▶ **Record extracts**
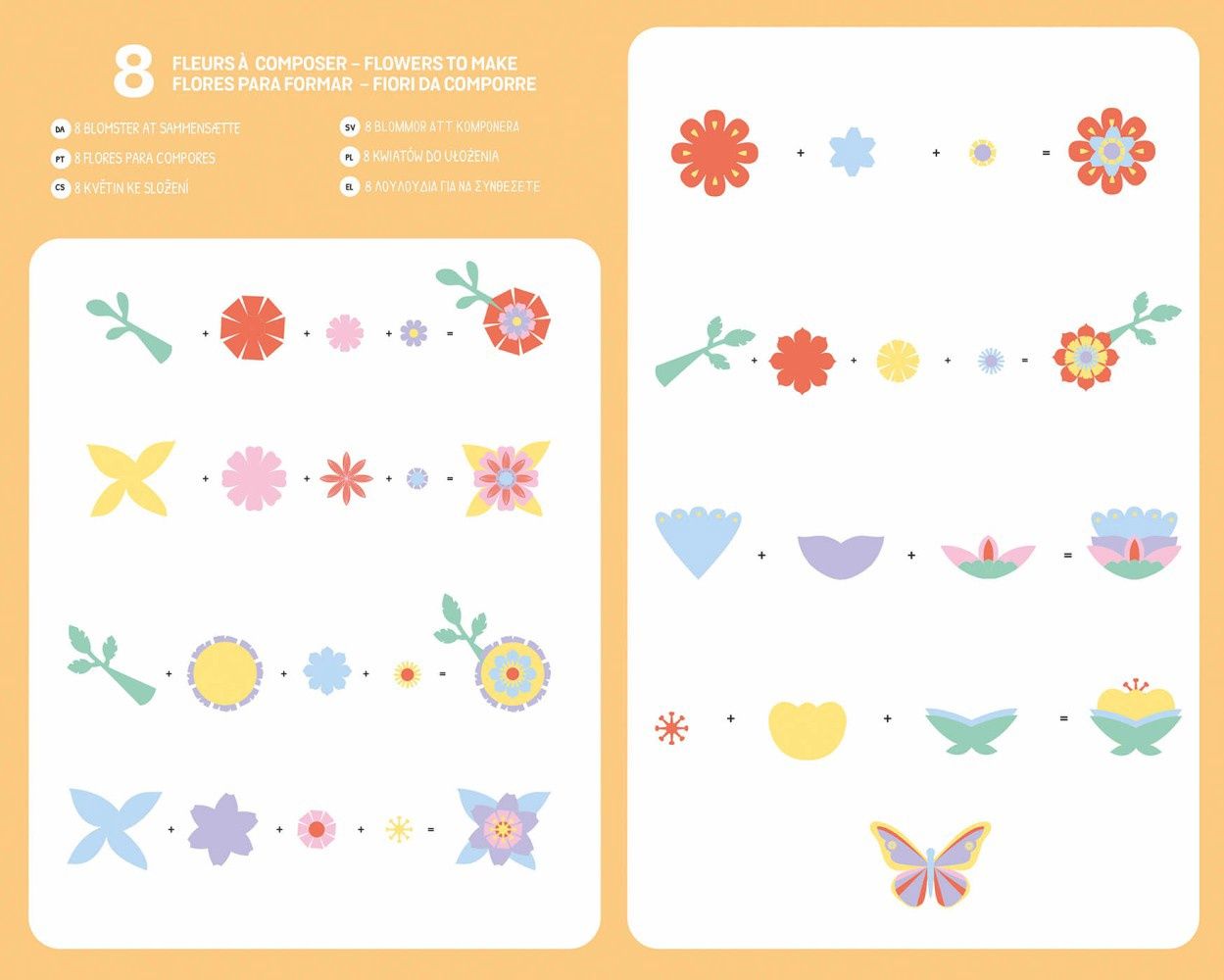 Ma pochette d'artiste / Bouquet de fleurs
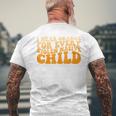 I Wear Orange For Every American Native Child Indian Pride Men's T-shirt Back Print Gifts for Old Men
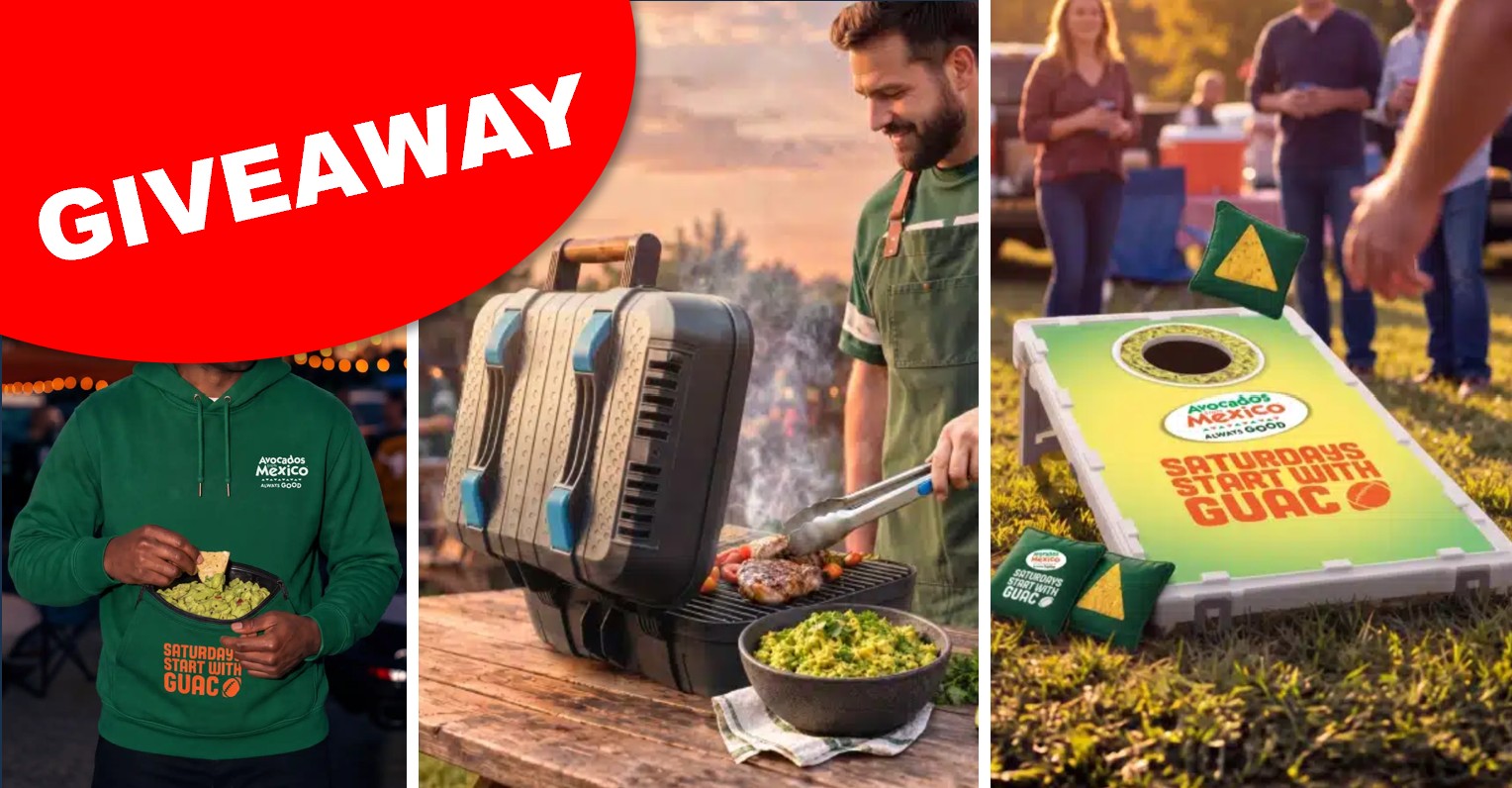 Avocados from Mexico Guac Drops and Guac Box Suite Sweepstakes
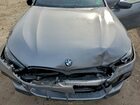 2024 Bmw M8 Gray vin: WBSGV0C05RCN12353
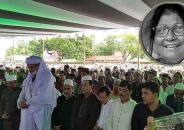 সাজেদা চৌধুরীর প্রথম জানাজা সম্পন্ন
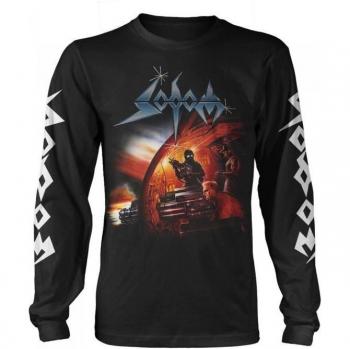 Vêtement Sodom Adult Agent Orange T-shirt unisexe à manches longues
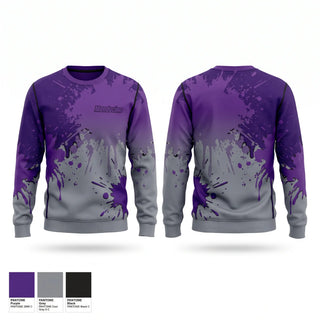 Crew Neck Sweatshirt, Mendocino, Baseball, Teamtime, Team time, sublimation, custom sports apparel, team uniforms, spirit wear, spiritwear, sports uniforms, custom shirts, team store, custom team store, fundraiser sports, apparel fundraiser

▶ **Exercise aim**
The whole of the data above needs retyping exactly, with pictures omitted.

▶ **Task answer**
 Ma pochette d'artiste / Bouquet de fleurs
 I Wear Orange For Every American Native Child Indian Pride Men's T-shirt Back Print Gifts for Old Men
 Avocados from Mexico Guac Drops and Guac Box Suite Sweepstakes
 2024 Bmw M8 Gray vin: WBSGV0C05RCN12353
 সাজেদা চৌধুরীর প্রথম জানাজা সম্পন্ন
 Vêtement Sodom Adult Agent Orange T-shirt unisexe à manches longues
 Crew Neck Sweatshirt, Mendocino, Baseball, Teamtime, Team time, sublimation, custom sports apparel, team uniforms, spirit wear, spiritwear, sports uniforms, custom shirts, team store, custom team store, fundraiser sports, apparel fundraiser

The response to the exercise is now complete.